Hey Doug, I was wondering what “Muscle Cannibalism” is and what I should do to avoid it. Thanks.
If you want to avoid “muscle cannibalism” then avoid trekking in the Sierras with a group of people, get lost, sleep in a cave and then run out of food while waiting to be rescued. I think what you are referring to is Muscle “Catabolism” which is simply that breakdown of muscle tissue.
I’m going to keep this simple; you cannot avoid muscle catabolism because you need a little bit of it for muscle anabolism (the growing of muscle). Every time you train you will have some muscle catabolism going on and then upon proper recovery with nutrition and rest an anabolic state will occur and hopefully that process balances or slightly exceeds the catabolic process so you can maintain and/or increase your muscle mass.

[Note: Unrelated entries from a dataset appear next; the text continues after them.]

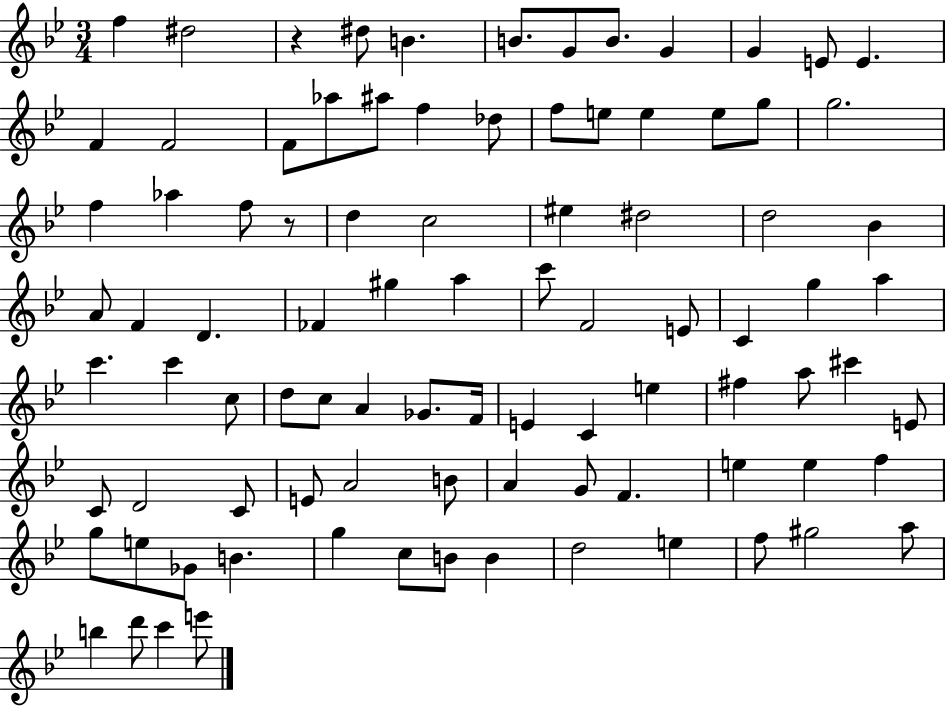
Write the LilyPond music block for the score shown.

{
  \clef treble
  \numericTimeSignature
  \time 3/4
  \key bes \major
  f''4 dis''2 | r4 dis''8 b'4. | b'8. g'8 b'8. g'4 | g'4 e'8 e'4. | \break f'4 f'2 | f'8 aes''8 ais''8 f''4 des''8 | f''8 e''8 e''4 e''8 g''8 | g''2. | \break f''4 aes''4 f''8 r8 | d''4 c''2 | eis''4 dis''2 | d''2 bes'4 | \break a'8 f'4 d'4. | fes'4 gis''4 a''4 | c'''8 f'2 e'8 | c'4 g''4 a''4 | \break c'''4. c'''4 c''8 | d''8 c''8 a'4 ges'8. f'16 | e'4 c'4 e''4 | fis''4 a''8 cis'''4 e'8 | \break c'8 d'2 c'8 | e'8 a'2 b'8 | a'4 g'8 f'4. | e''4 e''4 f''4 | \break g''8 e''8 ges'8 b'4. | g''4 c''8 b'8 b'4 | d''2 e''4 | f''8 gis''2 a''8 | \break b''4 d'''8 c'''4 e'''8 | \bar "|."
} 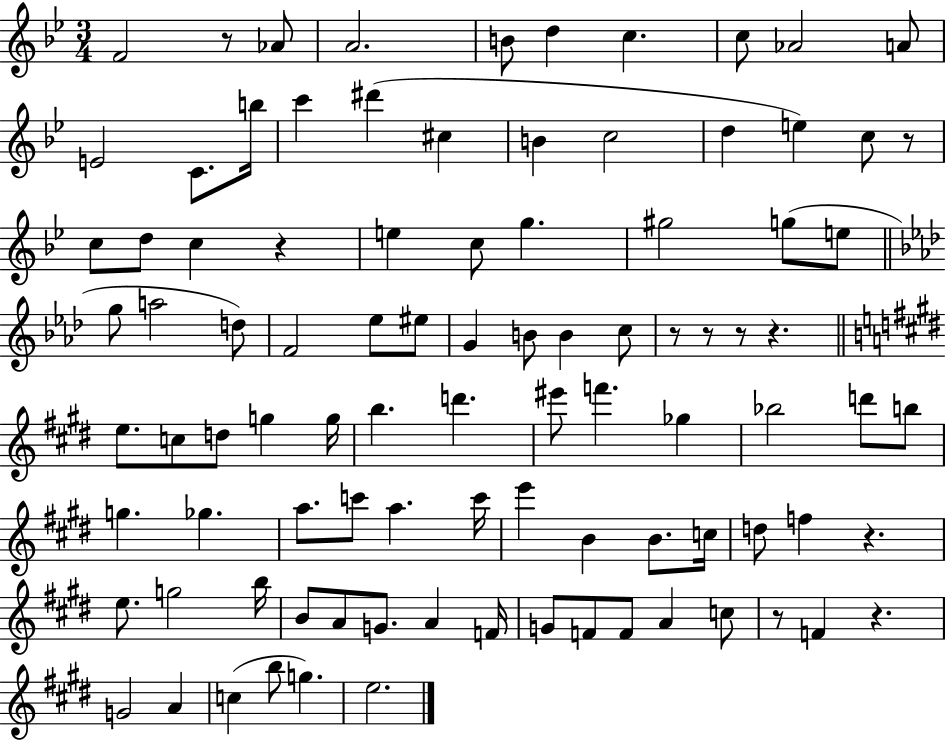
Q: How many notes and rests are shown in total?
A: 94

The two athletic populations that are most concerned about the negative effects of catabolism are bodybuilders and endurance athletes. The primary goal of bodybuilding is to put on as much muscle mass as possible so that is why they eat a ton, take supplements and sleep as much as they can to keep catabolism to a minimum. Endurance athletes push their bodies to the limit in terms of exercise volume. They go for hours running, climbing, and riding. The amount of energy needed to maintain these tasks is huge so naturally when they run out of nutrients they consume, the proteins in the muscles are used and muscle breakdown occurs. This is why you see riders looking emaciated at the end of the Tour de France than when they started. Yes, they lost body fat too but there is some good muscle breakdown going on.
So if you are not a bodybuilder or an endurance athlete and you eat correctly, stay hydrated and get plenty of sleep, you should not have to worry about anything unless you go hiking in the Sierras in the winter, like I mentioned.